----- Given data

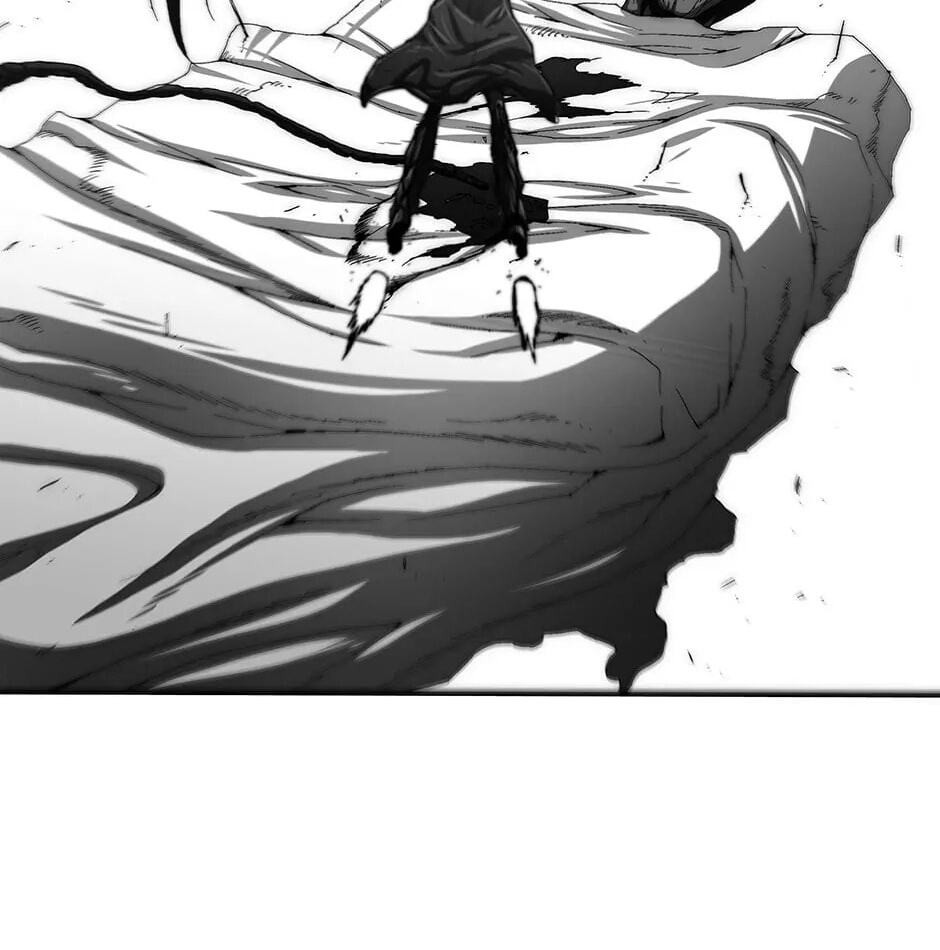 Read Trace chapter 126 image 31 on Lezhin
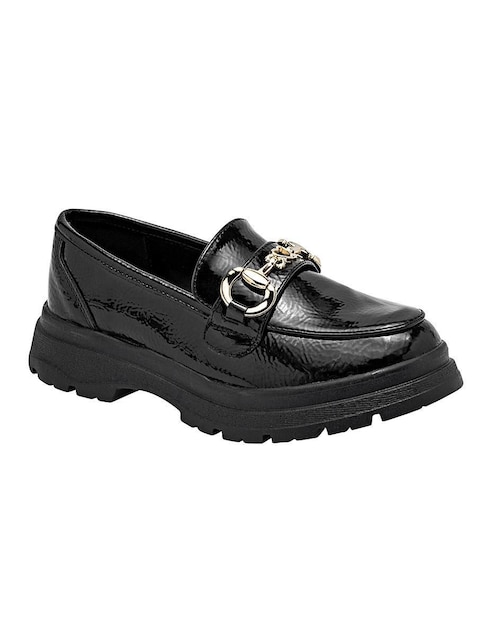 Zapato para niña Zapato para niña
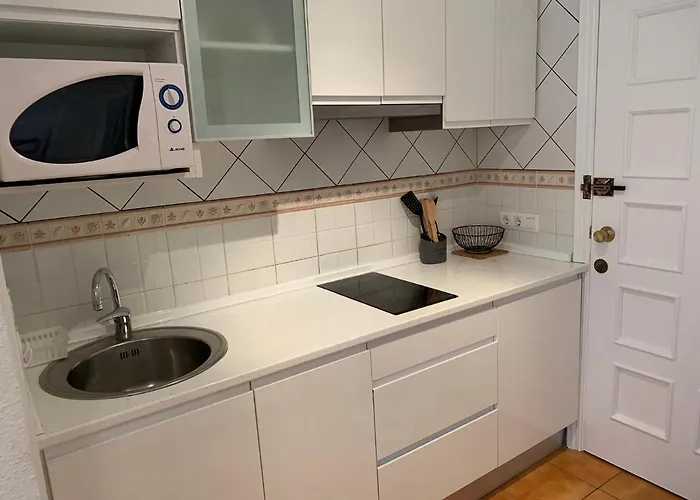 Service Lazaro- Aguamarina 22 *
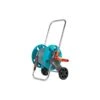 Makita Gardena Slangenwagen Set, Slangenhaspel, AquaRoll 18502-50 2 Makita Gardena Slangenwagen Set, Slangenhaspel, AquaRoll 18502-50 -Sideal Standard Winkel slangenwagen set gardena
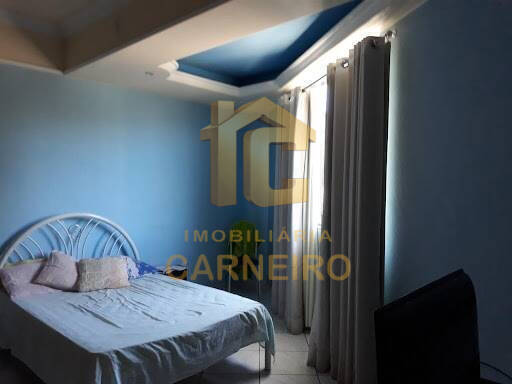 Cobertura, 3 quartos - Foto 37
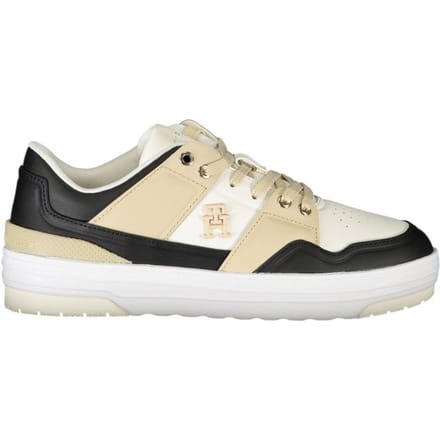 Lowtop Sneakers Gw0gw07476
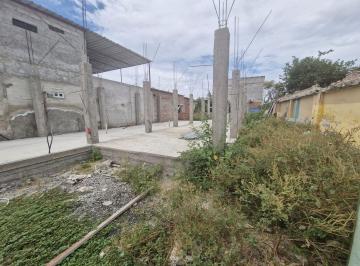 Terreno / Lote , Manta · Terreno con Cerramiento de Venta en Manta Zona Sur Cp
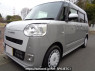 Used 2025 AT daihatsu move-canbus LA850S Image[0]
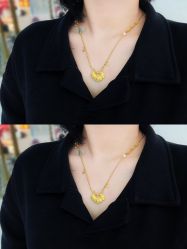 点击看大图 -Cindy Jewelry·钻戒·彩色宝石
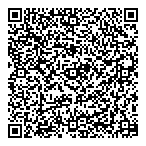 Cloutier Mechanical Repairs QR Card Cloutier Mechanical Repairs QR Card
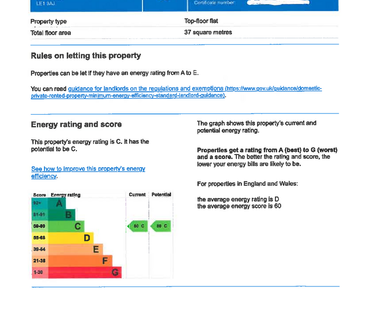 Semi detached house to rent - Photo 2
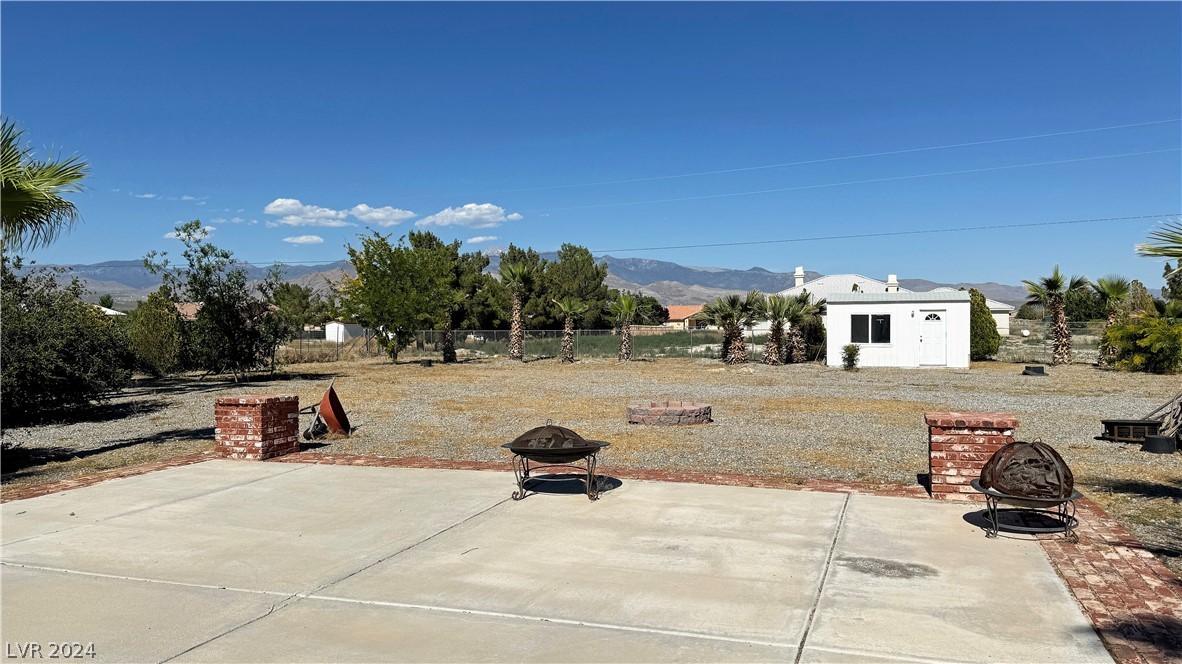 3651 Ranger Way Pahrump, NV 89048 - Photo 58 of 71 Gallery Image 58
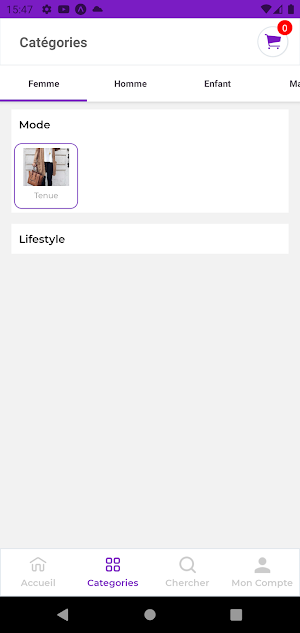 Diekkes Screenshot 3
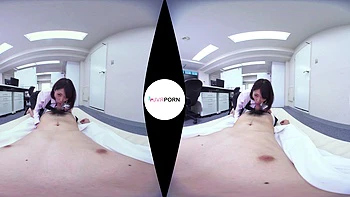 Blowjob fetish whore bukkake cumshot pov cum swallow videos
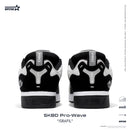 SKBD Pro-Sneakers-Raphael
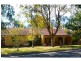17 Bayview Drive, East Ballina NSW 2478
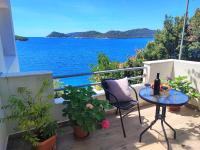 Apartment Jole - B&B Lastovo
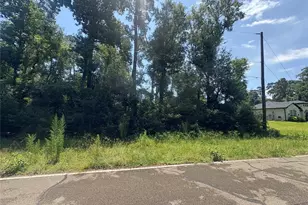 02 Overcup Dr, Spring, TX 77389 - Photo 1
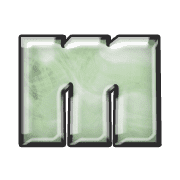 200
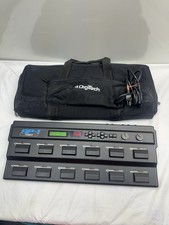 Digitech RP-1 Processore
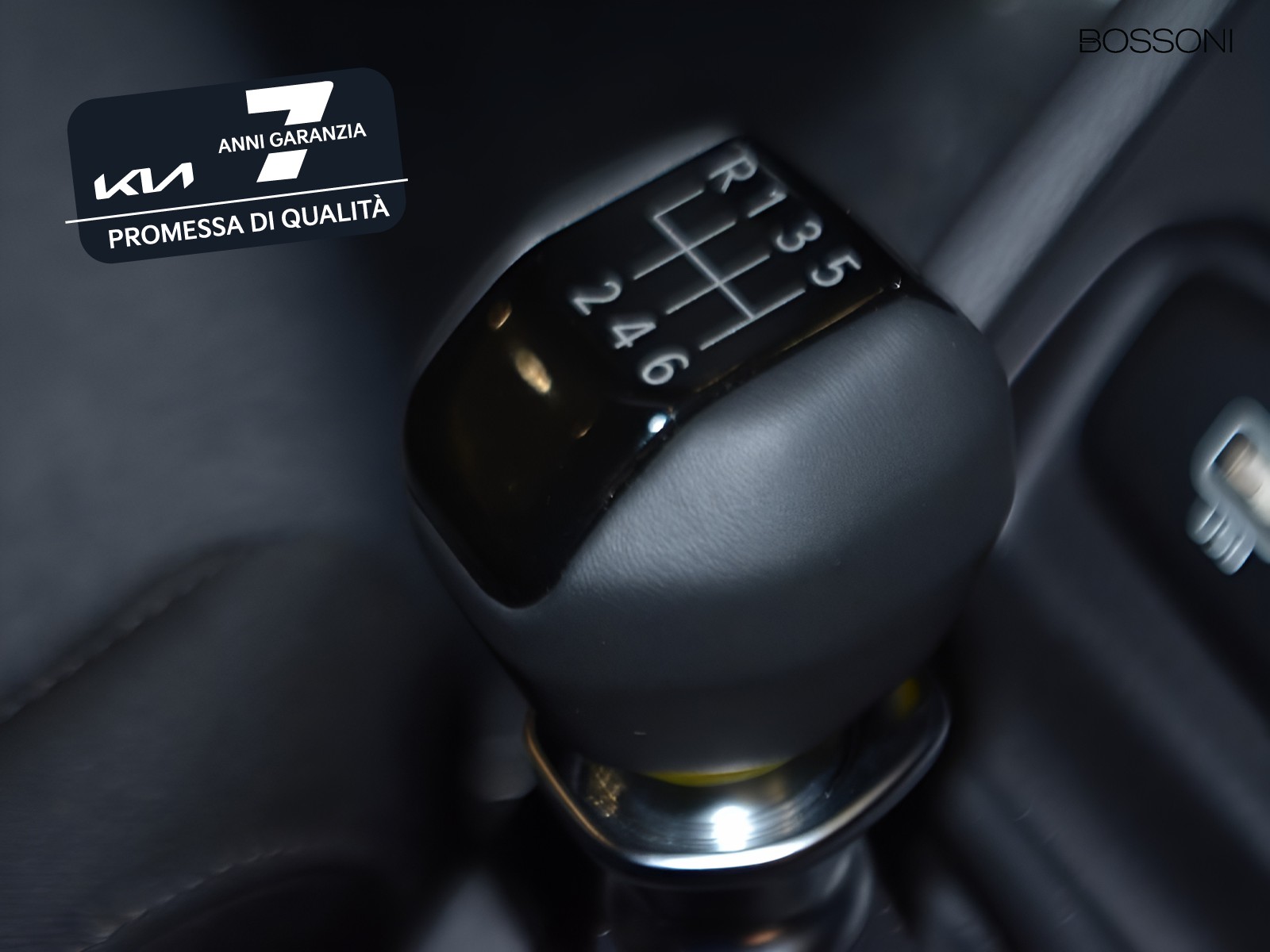 17 - Kia Stonic 1.0 t-gdi urban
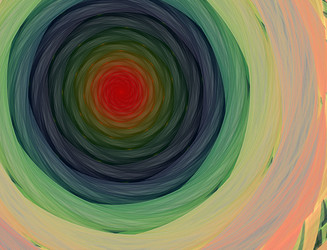 Similar image 22295723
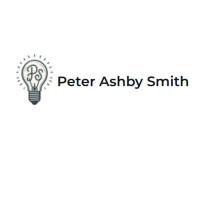 Peter Ashby Smith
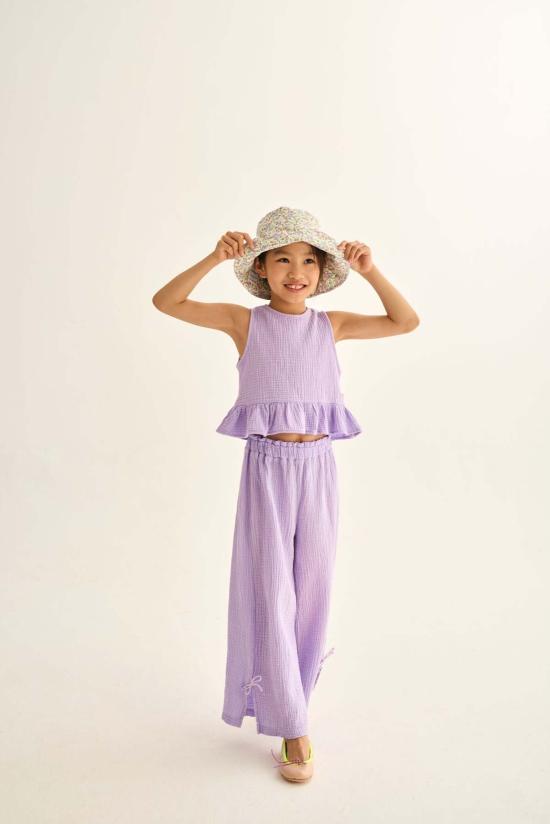  [키즈] Cozmo 티셔츠 - OTHER BRANDS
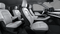 2027 Lincoln Aviator Premiere Premium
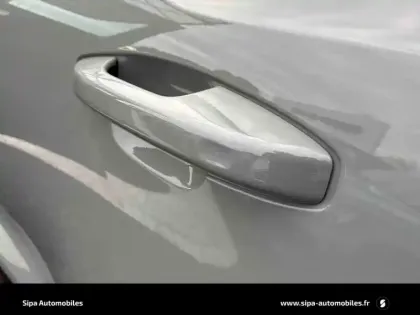 Photo 20 Volvo Xc40  B3 163 ch DCT7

----------

Task prompt. Exactly as they stand, set down the lines from the start of the material through the line with "17 Bayview Drive, East Ballina NSW 2478", both ends included, omitting the pictures.

The completed task.
 Read Trace chapter 126 image 31 on Lezhin
 Zapato para niña Zapato para niña
 Service Lazaro- Aguamarina 22 *
 Makita Gardena Slangenwagen Set, Slangenhaspel, AquaRoll 18502-50 2 Makita Gardena Slangenwagen Set, Slangenhaspel, AquaRoll 18502-50 -Sideal Standard Winkel slangenwagen set gardena
 Cobertura, 3 quartos - Foto 37
 Lowtop Sneakers Gw0gw07476
 Terreno / Lote , Manta · Terreno con Cerramiento de Venta en Manta Zona Sur Cp
 Used 2025 AT daihatsu move-canbus LA850S Image[0]
 点击看大图 -Cindy Jewelry·钻戒·彩色宝石
 Cloutier Mechanical Repairs QR Card Cloutier Mechanical Repairs QR Card
 Semi detached house to rent - Photo 2
 3651 Ranger Way Pahrump, NV 89048 - Photo 58 of 71 Gallery Image 58
 Diekkes Screenshot 3
 Blowjob fetish whore bukkake cumshot pov cum swallow videos
 SKBD Pro-Sneakers-Raphael
17 Bayview Drive, East Ballina NSW 2478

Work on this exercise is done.